The Civic Museum of the Risorgimento is located in the ground floor of the Casa Carducci, located in Piazza Carducci 5, in central Bologna, Italy.

==Church of Madonna del Piombo==
Prior to being a Museum, part of the site had housed the church of the Madonna della Pietà, known commonly as the Madonna del Piombo (Virgin Mary of the Lead). It was so named because it contained a relief of the Madonna etched on a lead plate, attributed to Sperandio Savelli, that had gained veneration. There is also a legend that in the first years of the 16th century the icon had been discovered by youths playing here, near the city walls, and this led to the first chapel, then church.

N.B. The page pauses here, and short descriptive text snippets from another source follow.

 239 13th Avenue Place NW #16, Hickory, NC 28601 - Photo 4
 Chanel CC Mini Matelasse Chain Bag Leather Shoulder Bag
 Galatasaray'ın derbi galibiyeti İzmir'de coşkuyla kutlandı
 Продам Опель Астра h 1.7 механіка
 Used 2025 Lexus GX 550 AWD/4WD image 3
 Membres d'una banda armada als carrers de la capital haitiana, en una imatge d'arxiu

This church burned down in 1712, but was soon replaced by a frescoed oratory completed in 1752. This oratory whose facade is represented by the three round arches with double central pilasters. After the Napoleonic occupation, the members of the company who owned the oratory had the structure deconsecrated and the contents sold off to antiquarians.
The oratory had been decorated by the artists Antonio Rossi, Ercole Graziani the Younger, Gaetano Ferratini, Giuseppe Orsoni, Antonio Gionima, and Lorenzo Garbieri.

==The Museum==
A Bolognese Museum of the Risorgimento (see Italian unification) was first inaugurated on June 12, 1893. The museum has exhibits that chronicle the history from the Napoleonic invasions to the end of the First World War. The main exhibits are divided into 5 eras:
- The Napoleonic Era (1796-1814)
- The Restoration of Papal States (1815-1848)
- The Epic of the Risorgimento (1848-1860)
- The Unification of Italy (1860-1914)
- Bologna at War (1915-1918)

The Museum houses a library of documents and an archive of diverse items from the period. It houses the a project towards maintenance of the city's monumental cemetery at the Certosa di Bologna.

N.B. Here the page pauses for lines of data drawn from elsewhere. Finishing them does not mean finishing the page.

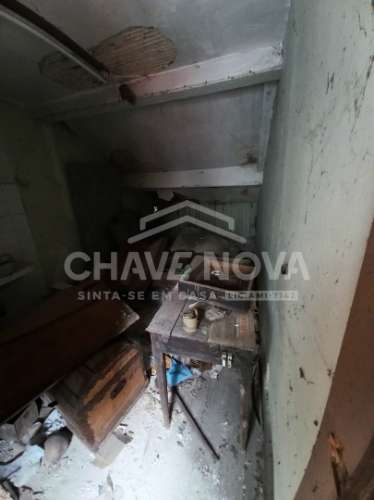 Moradia Devoluta T2 Venda em Cedofeita, Santo Ildefonso, Sé, Miragaia, São Nicolau e Vitória,Porto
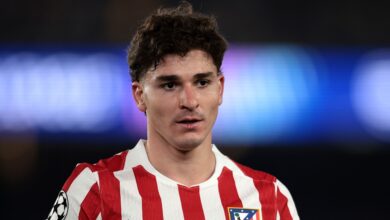 برشلونة أمام عناد أتلتيكو.. رفض لجنون ألفاريز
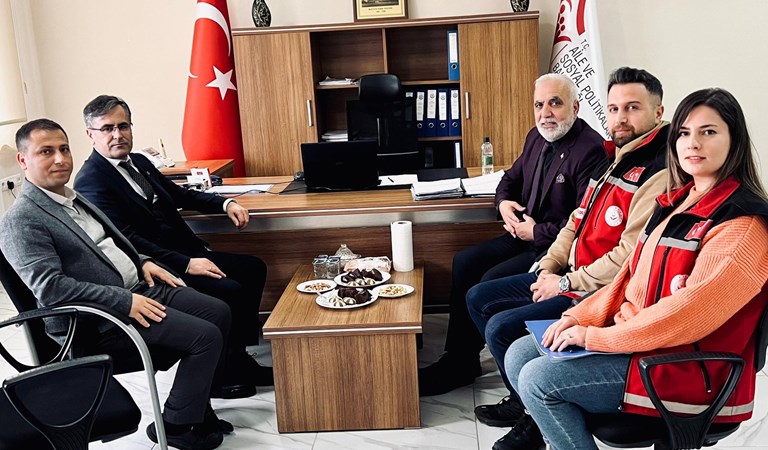 İl Müdürümüz Vefa Akdoğan ve Bitlis SHM Müdürü Veysi Erem, Güroymak Sosyal Yardımlaşma ve Dayanışma Vakfı Müdürlüğü’ne ziyaret gerçekleştirdi.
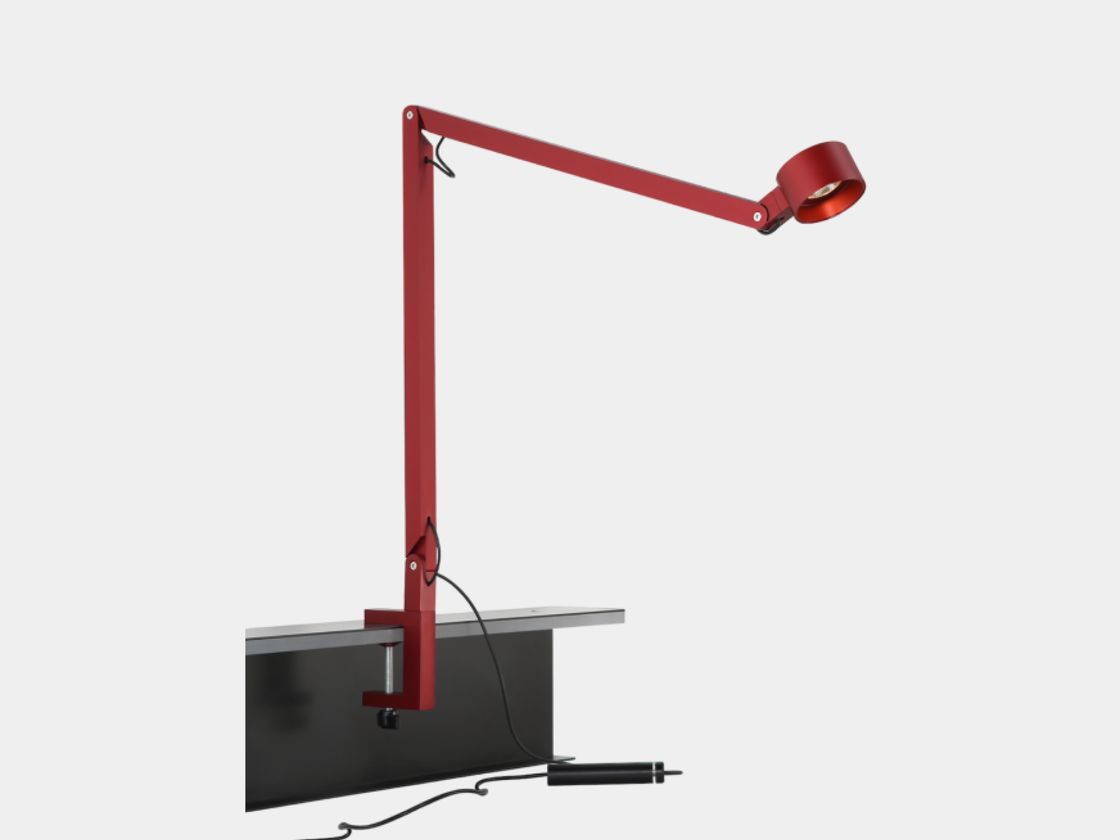Красный настольный светильник на струбцине, боковой вид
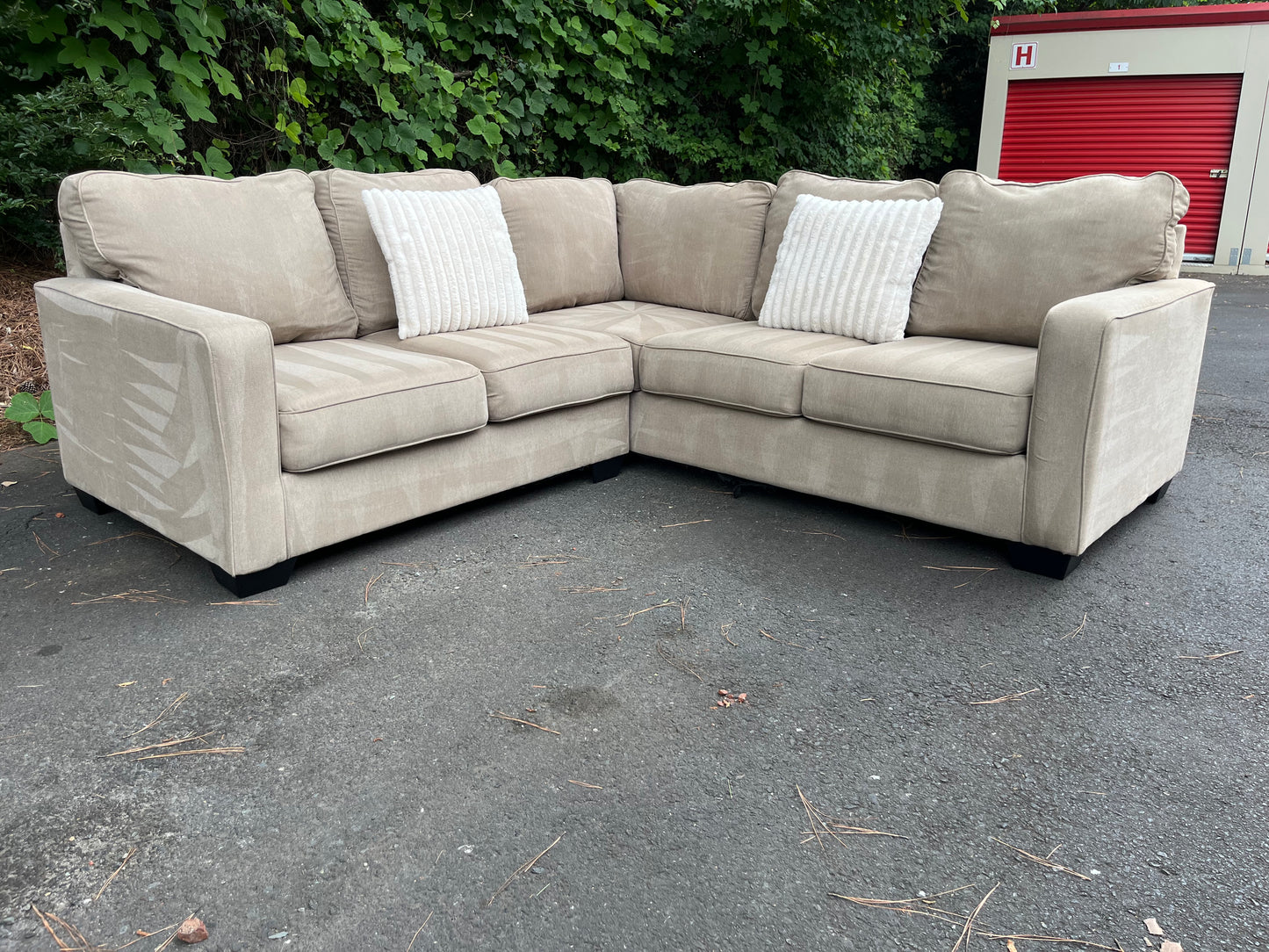 Ashley Furniture 2Pcs Sectional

The museum has varied in scope and themes across the decades. The initial founding of the museum focused on the patriotic events leading to Italian sovereignty and union. During and after the First World War, this conflict was defined as the Fourth War of Independence. Fascism added to the focus, the ideals of a greater Italy, the aggressive colonial wars that led to the formation of Italian East Africa, the Italian intervention in the Spanish Civil War, and the Second World War. The museum first closed in 1943, and did not reopen until 1954. Fascist wars and goals were now removed as a focus, and the Resistance to Fascism was viewed as the Second Risorgimento. The museum closed again from 1962 to 1975, and now focuses on the history prior to the Italy's entry into World War II.

The museum was located in the present Casa Carducci premises only in 1990, and includes the premises of the oratory. The Casa Carducci was the last home of the poet Giosuè Carducci, who was awarded the Nobel Prize in literature in 1906.